Intanto i rotoli erano diventati noti in tutta Europa e furono sfruttati dalla monarchia napoletana come strumento diplomatico. Nel 1802 Ferdinando I delle Due Sicilie, figlio del re di Napoli Carlo, donò sei rotoli a Napoleone che in quel momento minacciava di invadere Napoli: da allora quei sei papiri appartengono all’Institut de France, uno dei più importanti enti culturali pubblici francesi, e due  sono tra quelli che sono in corso di studio nel progetto che di recente è riuscito a leggere alcune nuove parole. Successivamente Napoleone invase comunque Napoli. Quando nel 1815 la Gran Bretagna aiutò Ferdinando a tornare sul trono, il re reinstaurato ringraziò l’allora principe reggente, il futuro re Giorgio IV, regalandogli 18 rotoli di Ercolano: alcuni di questi oggi sono conservati a Oxford, altri sono andati perduti.
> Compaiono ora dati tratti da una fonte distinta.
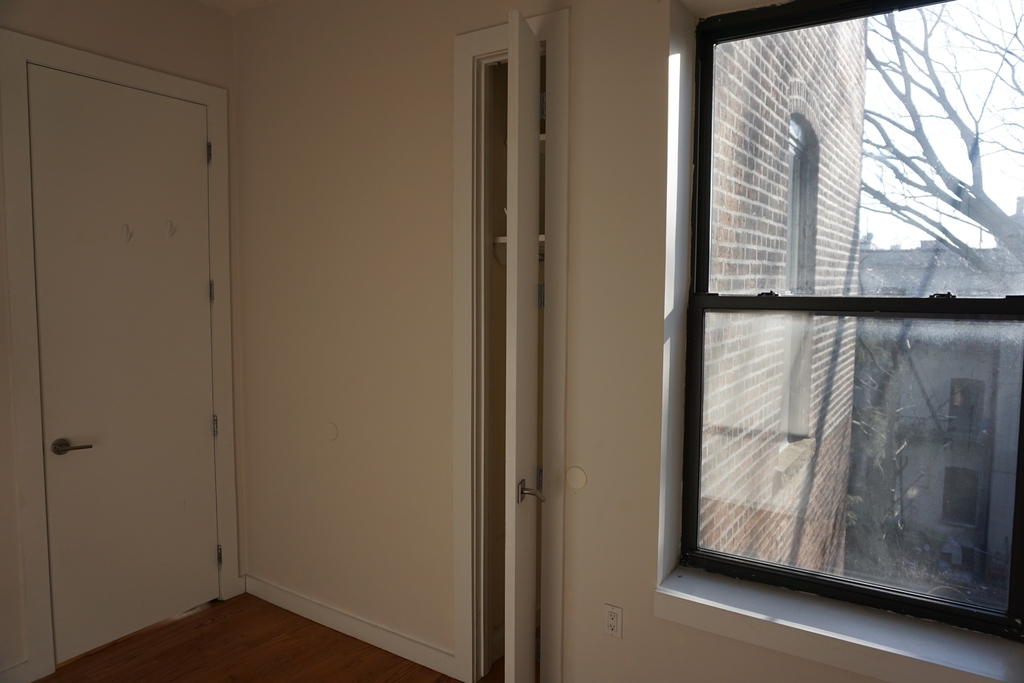 662 Park Place - Photo 3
La maggior parte comunque è tuttora conservata a Napoli, alla Biblioteca Nazionale Vittorio Emanuele III.

Negli anni Ottanta del Novecento un nuovo metodo chimico ideato dal filologo norvegese Knut Kleve permise di srotolare alcuni altri rotoli, in cui sono stati trovati testi latini. La maggior parte dei papiri tuttavia non ha ancora potuto essere letta e può darsi che altri si trovino ancora all’interno della Villa dei Papiri. Tra il 1992 e il 1997 furono condotti degli scavi per riportare alla luce e rendere accessibile parte della villa, ma le indagini archeologiche, tuttora in corso, non sono finite e c’è la possibilità che altri rotoli e reperti possano essere trovati nelle zone ancora non esplorate.